Data section:
________________

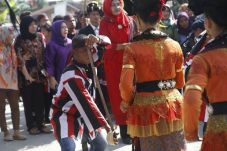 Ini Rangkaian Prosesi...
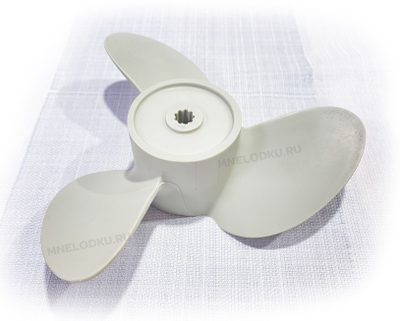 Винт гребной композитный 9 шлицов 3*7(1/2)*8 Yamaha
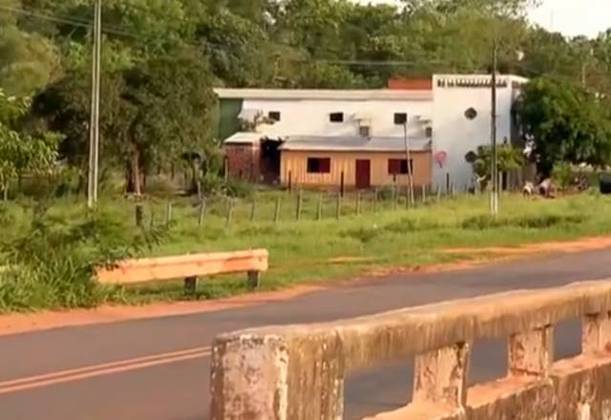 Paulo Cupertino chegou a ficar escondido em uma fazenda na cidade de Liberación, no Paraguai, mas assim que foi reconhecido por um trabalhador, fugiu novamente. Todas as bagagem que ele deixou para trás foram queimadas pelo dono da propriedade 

________________

Beginning with the line that contains "Винт гребной композитный" in the data above, please copy each line exactly until the last line, both ends included, skipping any pictures.

 Винт гребной композитный 9 шлицов 3*7(1/2)*8 Yamaha
 Paulo Cupertino chegou a ficar escondido em uma fazenda na cidade de Liberación, no Paraguai, mas assim que foi reconhecido por um trabalhador, fugiu novamente. Todas as bagagem que ele deixou para trás foram queimadas pelo dono da propriedade 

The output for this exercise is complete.